A good decade after Nokia Oyj’s mobile-phone business suffered a fatal blow at the hands of the iPhone, the Finnish company is still feeding off a lucrative asset that it salvaged from the wreckage.
Nokia retained a catalogue of thousands of wireless communications patents that is steadily growing thanks to a thriving research operation. Now an attempt to change how those patents are monetised has led Nokia into court with Daimler, the maker of Mercedes-Benz cars.
A ruling a few weeks ago in Germany sided with Nokia, and more verdicts are pending later in September.

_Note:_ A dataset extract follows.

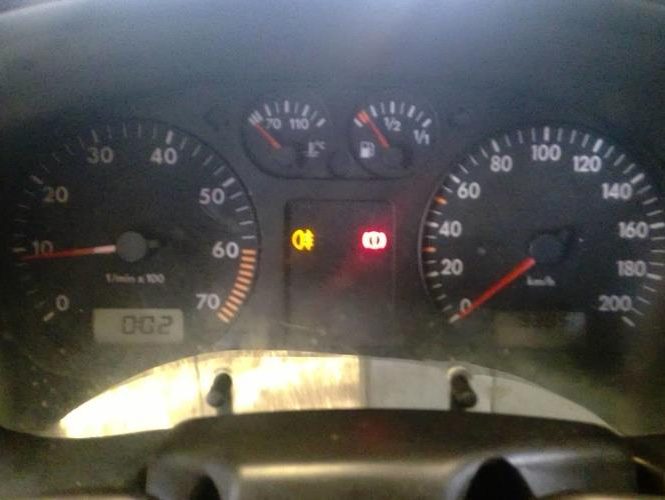 VOLKSWAGEN POLO 3 PHASE 1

Modern automobiles are so brimming with electronic gadgetry that the industry has casually likened its products to smartphones on wheels. Wireless technology allows occupants to make calls, stream music or dial up emergency services in case of an accident. Traditionally, automakers require that their components makers, be it Continental or Robert Bosch, handle any royalty issues, and indemnify them for any patent demands that may come later.
In a bid to streamline the process, wireless-technology companies from Qualcomm to Sharp and Nokia joined forces in the Avanci patent pool, which promises to collect royalties from the car industry by offering a fixed price per vehicle, currently running at $15 a car for a 4G-standard license.
“There has to be a solution and we feel we are the solution,” said Kasim Alfalahi, the founder and CEO of Avanci. “It’s a fair price for the value of the technology in the car.”
Trouble is that Daimler disagrees and has no desire to sign up. Instead, the company wants to maintain the practice of suppliers negotiating the licenses, ideally at a fraction of the umbrella-deal cost. Nokia is trying to enforce its approach via a high-stakes court battle, with hearings in Munich, Dusseldorf and Mannheim. It’s here that the Finns struck legal gold: the company won an injunction that could stop Daimler from selling cars in Germany, which would be a suicidal situation for the inventor of the automobile on its home turf.
One consolation for Daimler is that enforcing a car-sale ban would require Nokia to post collateral of ^7 billion ($8.3 billion) in a separate proceeding, a risky proposition for the Finnish company given the huge outlay.